Die kleinste Baitrunner ist die 3500er US mit 150m/35er.
Viel kliener macht in meinen Augen keinen Sinn, dann wird der Spulendurchmesser zu klein und du kurbelst dir nen Ast beim Einholen.
Und wenn man mit den dünnen geflochtenen Schnüren fischt kann man ja vorher ein wenig unterfüttern.
Das Gewicht einer etwas größeren Rolle ist beim Feedern ja auch eher unwichtig, man hält die Rute ja nicht die ganze Zeit in der Hand. 

Gruß Uwe


----------



## Gelöschtes Mitglied 8073 (2. März 2005)

*AW: Feedern - Mit Freilauf ????*

moin,

Ich fische seit Jahren mit der Feederrute an der Elbe auf Brassen.Die durchschnittsgröße liegt bei 45cm.
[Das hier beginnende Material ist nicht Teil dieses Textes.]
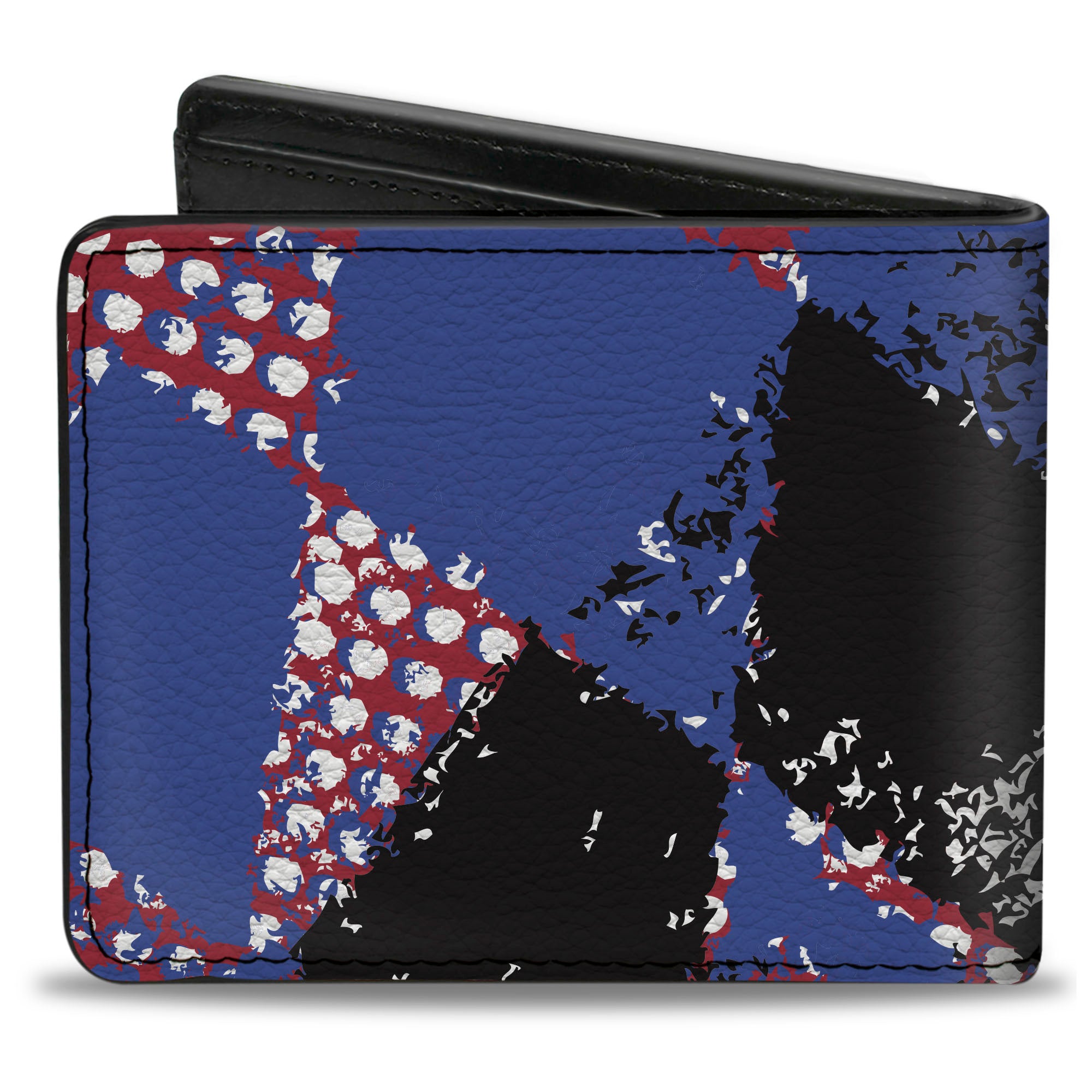Bi-Fold Wallet - Grunge Checker Flag Blue Red Bi-Fold Wallets Buckle-Down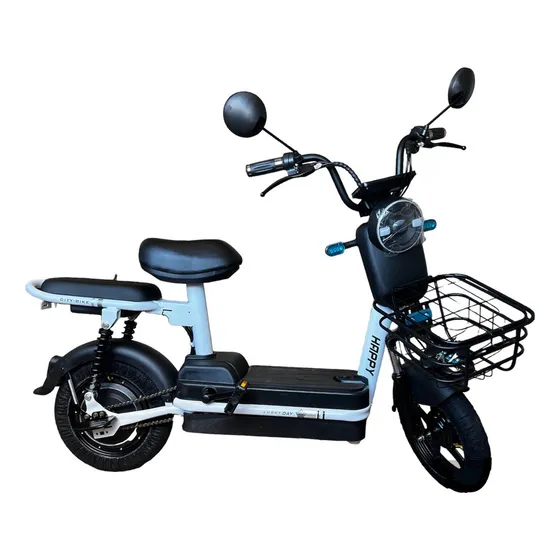 Bicicleta Elétrica Scooter 350w C Cesto Não Precisa Cnh 32km Cor Branco/Preto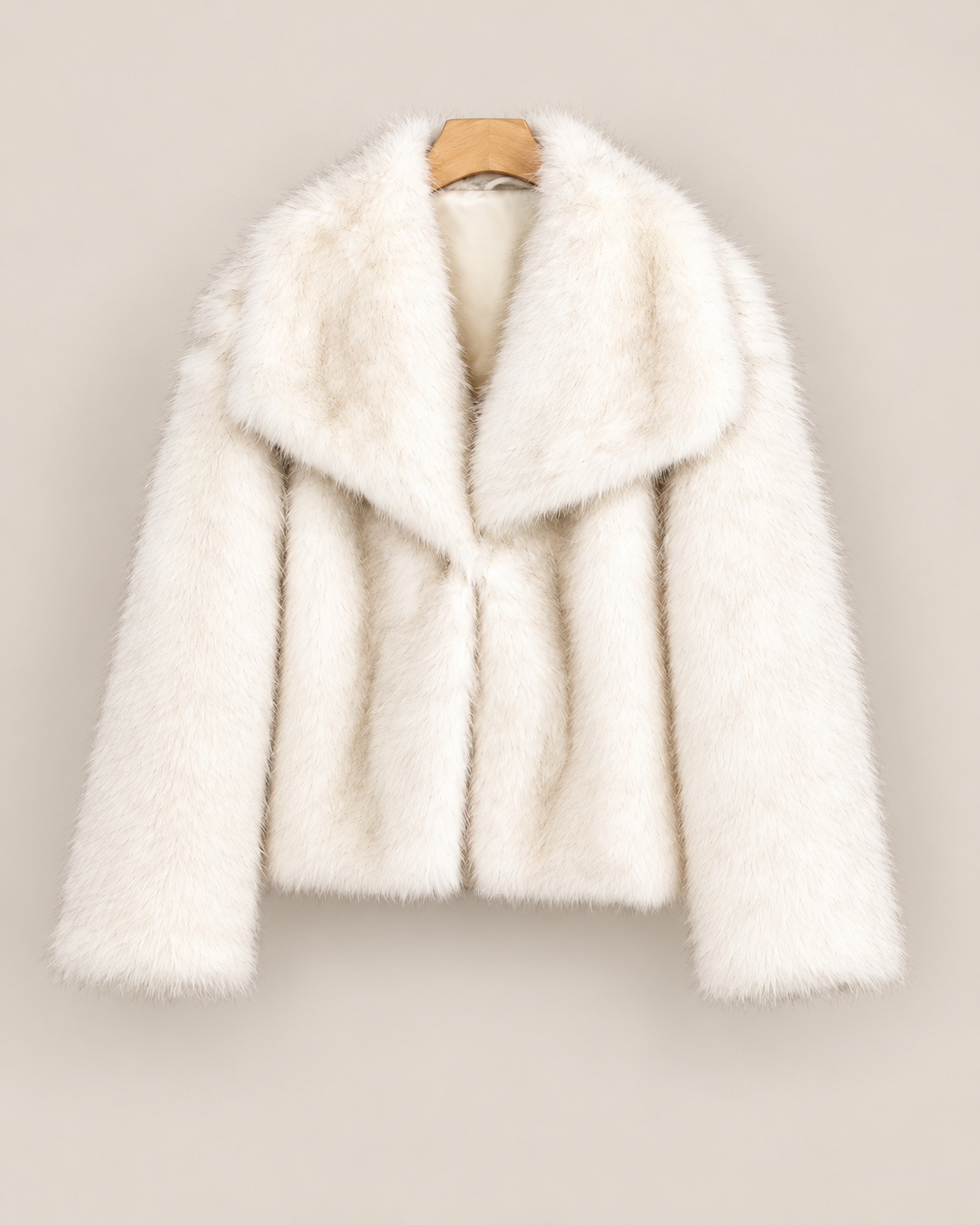 Veste Lyra, veste courte en fausse fourrure blanche pour femme, photo 2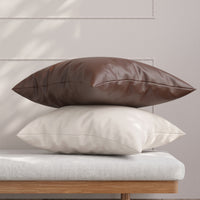 PVC Leather Cream Cushion Cover (Pack of 2)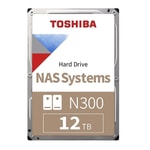 Toshiba N300 12TB NAS Hard Disk (HDWG51CUZSVA) - 7200RPM, 512MB Cache, 3.5" SATA HDD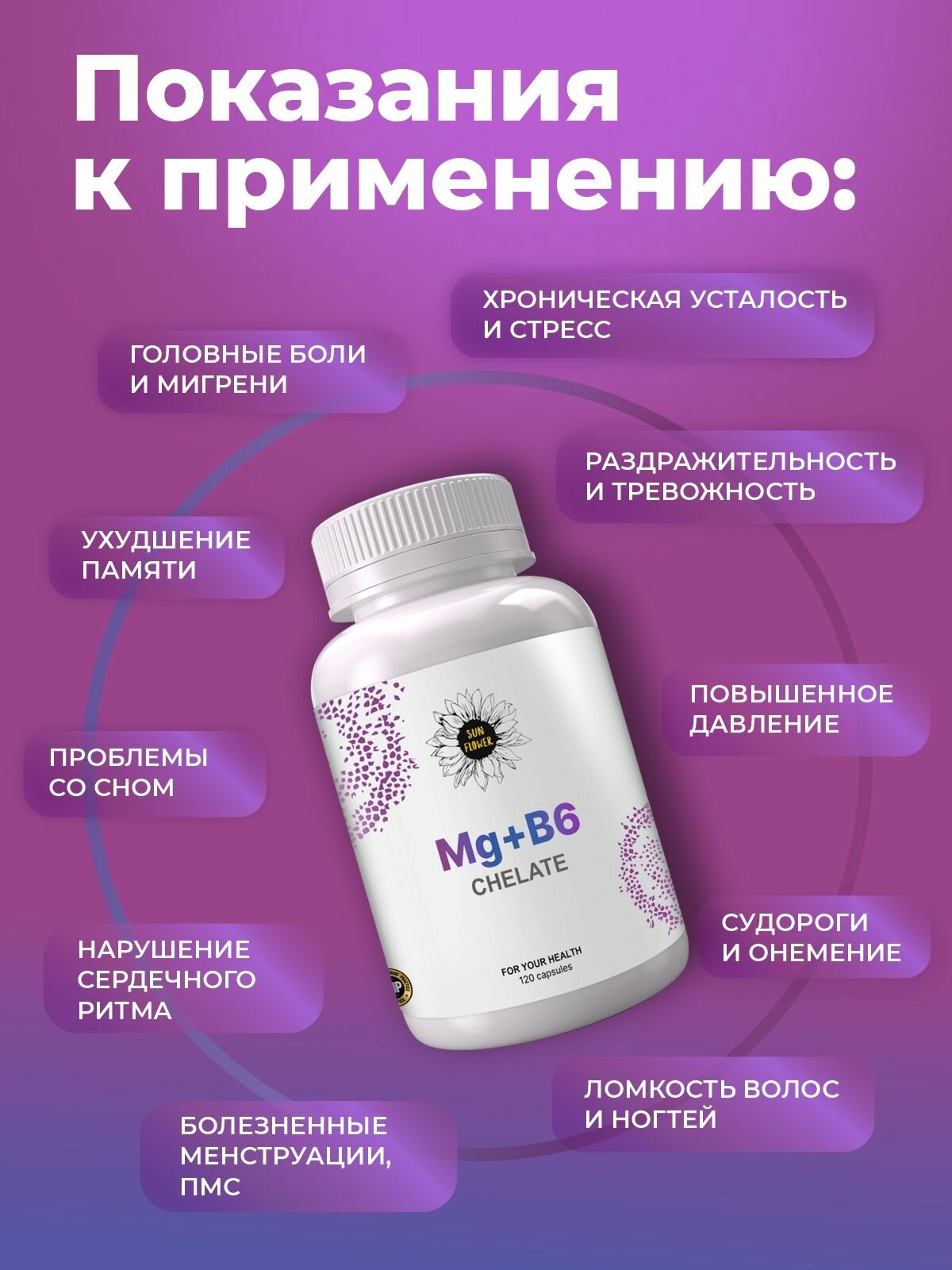 Картинки Магний хелат бисглицинат и витамин В6, комплекс magnesium + b6 400 мг для нервной системы от стресса и усталости, 120 капсул.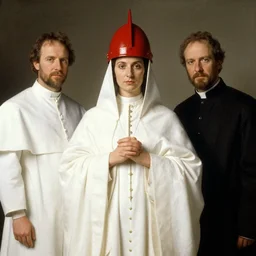 portrait of a priestess, wearing all - white clothes, and a red helmet, by gerald brom, donato giancola, and berthold woltze.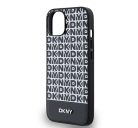 DKNY PU Leather Repeat Pattern Bottom Stripe Apple iPhone 13 Magsafe kompatibilis hátlap tok, fekete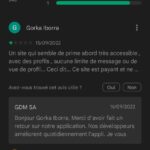 Avis sur Google play de l'application J&M contact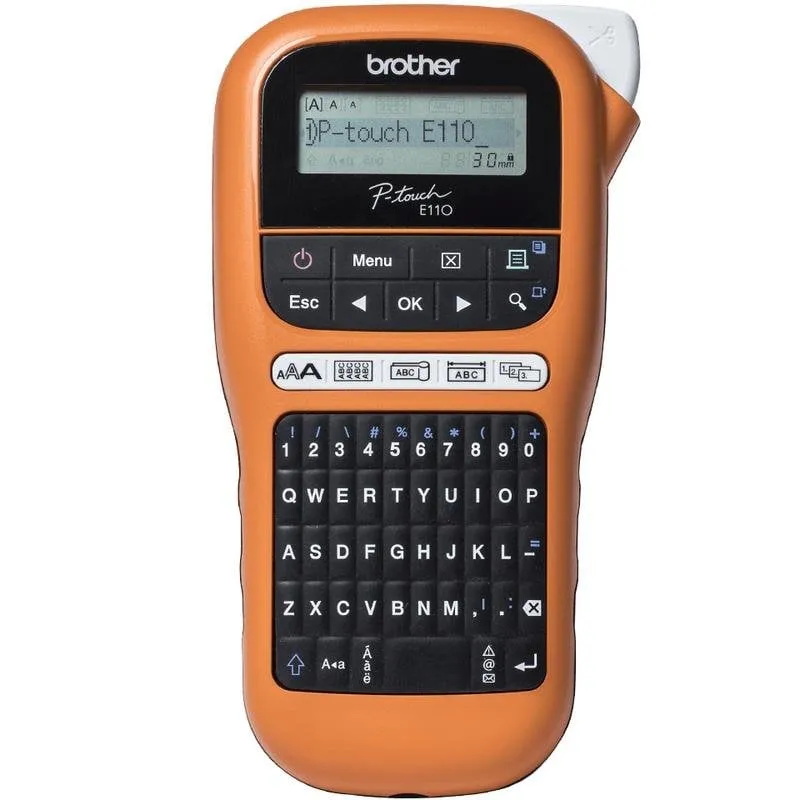 Stampante trasferimento termico Brother PT-E110 QWERTY portatile nero arancione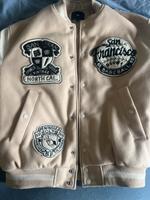 H&M Collegejacke in beige mit Aufdrücken, Gr.L Brandenburg - Großbeeren Vorschau
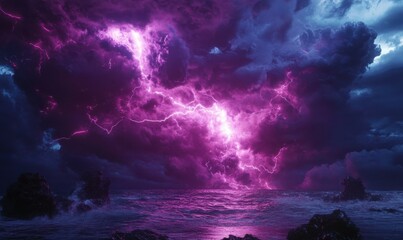 Fototapeta premium Electric purple lightning bolt tearing across a dark stormy sky, intense energy captured with sharp details and bold contrasts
Aber es sind immer wieder größere dabei bic ca. 65cm!!Ich halte nix davon eine Freilaufrolle einzusetzen.Ich denke eine gute Rute,eine gute Rolle mit sehr gut eingestellter Bremse ,guter Schnur und reichlich konzentration und man bekommt auch keine Probleme!!!!!!
Wenn ich hier lese, das die Freilaufrolle zum Einsatz kommt, wenn hier jemand zum pinkeln geht oder so, ...........da fällt mir doch ein Ei aus der Hose#d #d !!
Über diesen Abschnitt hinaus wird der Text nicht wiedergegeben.